According to Dr Meshack, the move “from aid to trade” is envisaged to sustain Kenya’s economic growth and benefit its citizens. To promote Universal Health Coverage, Amref will continue to partner with communities, national and county ministries of health and other Government agencies, donors, civil society and the private sector.

The plan also addresses emerging issues in health including non-communicable diseases and use of technology to improve health services.

“Emerging trends point to the fact that non-communicable conditions will increase in the foreseeable future to become the leading contributors to the burden of disease in the country, although the role of communicable diseases will remain significant,” said Dr Ndirangu.

The Cabinet Secretary for Health, Sicily Kariuki said her Ministry was in the process of configuring the National Hospital Insurance Fund to use community health workers to improve NHIF coverage.

“My Ministry intends to work with partners like Amref Health Africa to extend NHIF coverage through use of extensive community health workers network,” said Kariuki.

She said her Ministry is working towards achieving 100 percent Universal Health coverage by 2022 from the current 36 percent.
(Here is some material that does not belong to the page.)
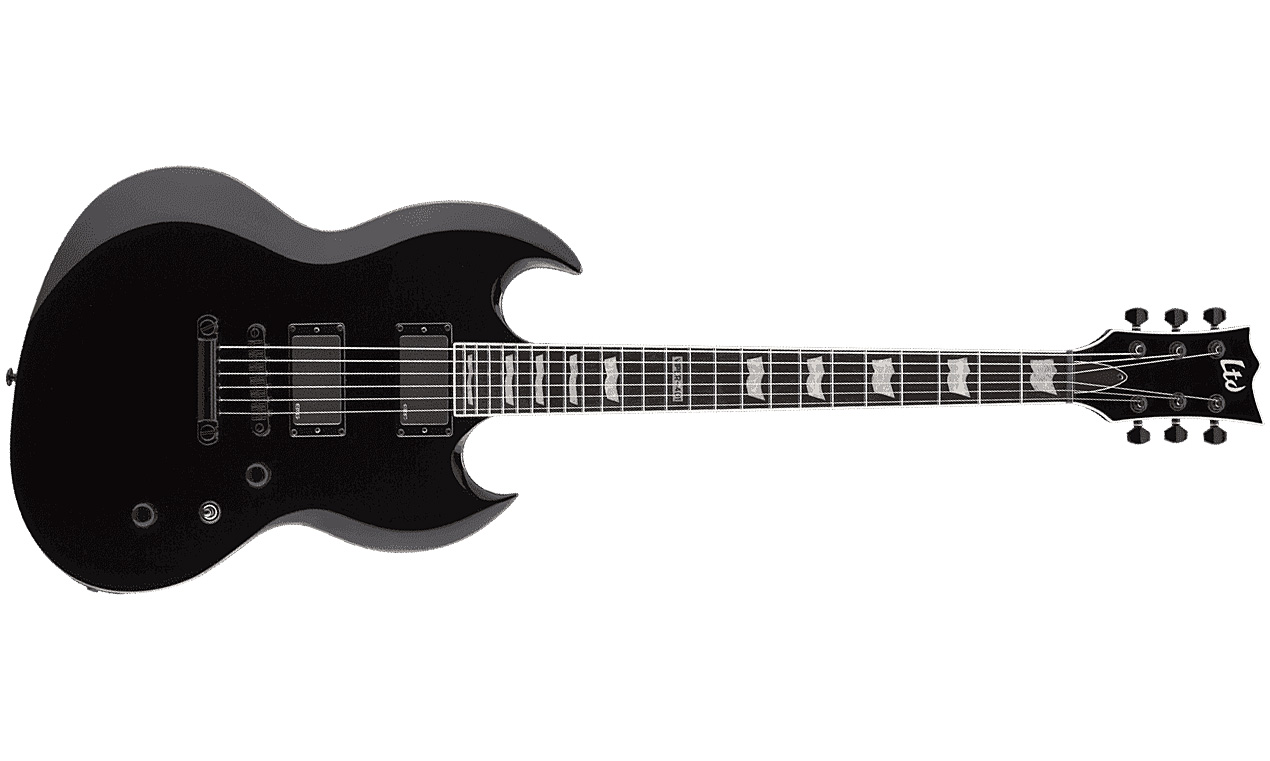 Ltd Viper-401 Hh Emg Ht Rw - Black - Double Cut E-Gitarre - Variation 1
Kariuki said the national health budget is expected to increase from Kshs 61 billion in 2018 to Ksh 73 billion by 2021.

Even though Kenya has become a lower-middle income country, poverty rates remain high at 42 per cent and the unemployment rate among its working age population stands at 39.1 per cent, which is the highest in East Africa.

The World Bank Group in 2016 rebased the country’s economy to a lower-middle income country. This has triggered the commencement of a shift among development agencies away from traditional donor-recipient relations with Kenya to more equal bilateral partnerships of doing business with Kenya by 2022.

Kenya continues to under-invest in health despite being a signatory to the Abuja Declaration of 2001 where African Union Countries pledged to allocate at least 15 percent of their total annual budgets to health.